本发明提供了与如FINFET或平面CMOS器件的半导体器件集成的反熔断器结构(100)及其制造方法。提供覆盖设置于衬底(10)上的绝缘体(3)的半导体材料区(11);蚀刻工艺暴露半导体材料中的多个角(111-114)。氧化暴露的角,以在角处形成拉伸尖端(111t-114t);除去覆盖尖端的氧化物(31)。然后,在半导体材料上形成例如栅极氧化物的氧化物层(51)并覆盖角;该层在角处具有减小的厚度。形成在角处与氧化物层(51)接触的导电材料层(60),由此,在半导体材料和导电材料层之间穿过氧化物层,形成多个可能的击穿路径。向所述结构施加如老化电压的电压,以使击穿路径的至少一个转化为导电路径(103、280)。

Description

用于FINFET和CMOS器件的集成反熔断器结构
技术领域
本发明涉及超大规模集成器件的制造,更具体地说,涉及其中集成有电反熔断器(antifuse)的FINFET和平面CMOS器件。
背景技术
在对获得更小、更快和更有效的半导体器件正在进行的努力中,设计者和工程师曾试图按比例缩小器件的所有尺寸和特征。尤其在场效应晶体管(FETs)的设计和制造中,发现两种特征很难按比例缩小:器件电流(它涉及FET栅极的尺寸)和熔断器结构的尺寸。

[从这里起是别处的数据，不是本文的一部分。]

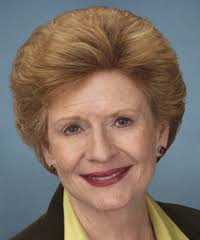 Sen. Debbie Stabenow [D-MI, 2001-2024], former Senator for Michigan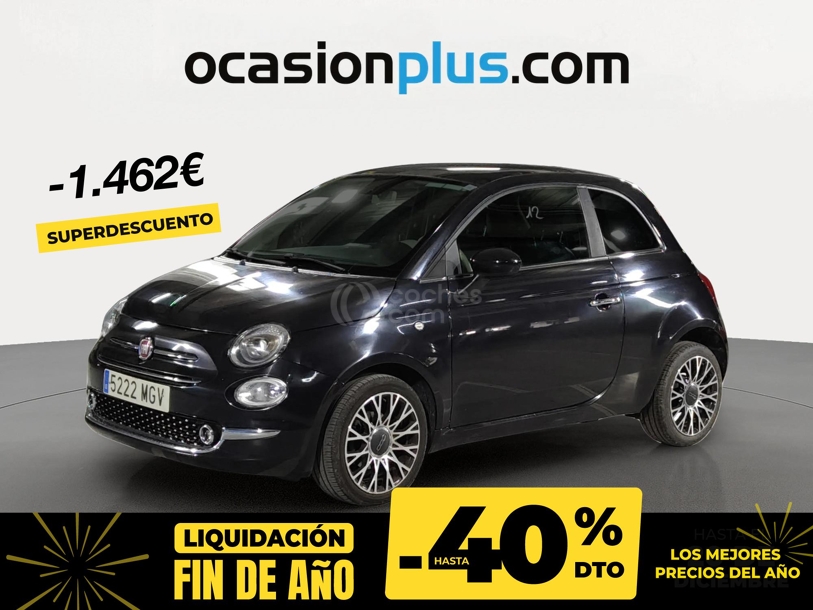 Foto del FIAT 500 1.0 Hybrid Dolcevita 52kW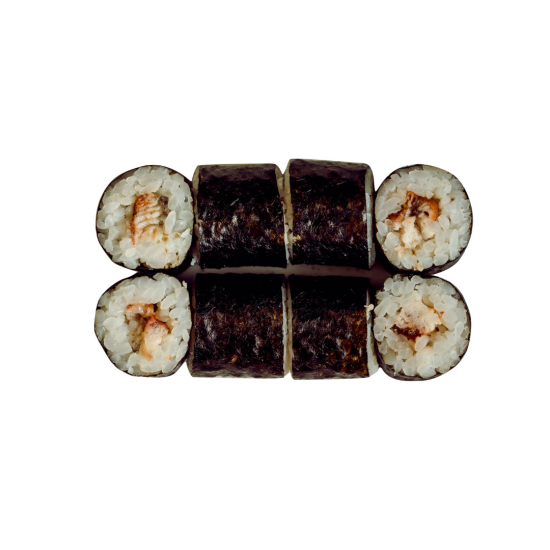 Hosomaki Unagi (8 szt.)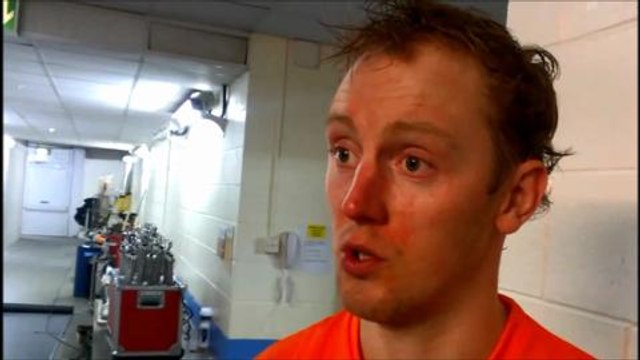 Ice hockey - David Phillips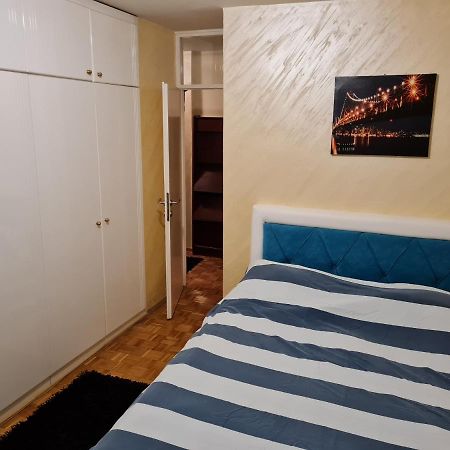 Apartment Delta Sava New Beograd Eksteriør bilde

为了解决器件在栅极设计中的缩放比例的限制,最近为了发展用于制造新颖栅极类型的制造方法,做了相当多的工作。“双栅极”或“环绕栅极”设计中的一个例子是FINFET器件,其中栅极氧化物生长在硅的垂直鳍片的正面上,而栅极在硅特征的两个侧面上,当栅极被激活时,它会充分耗尽硅。图1A示出了在绝缘体上硅(SOI)衬底上形成的两个这样的鳍片结构1、2,其中体硅衬底10的顶部具有在其上形成的掩埋氧化物(BOX)层3,而器件在覆盖BOX的另一硅层中形成。在通过使用用于图像转移的蚀刻硬掩膜12、22蚀刻该硅层下至BOX表面形成硅鳍片11、21之后,示出了硅鳍片11、21。然后可以在硅鳍片的两个正面(例如鳍片11的正面11a和11b)上生长栅极氧化物。在提供比常规平面CMOS器件更高的表面栅极密度,以及更好的器件性能和更低的功耗上,FINFET技术显示了希望。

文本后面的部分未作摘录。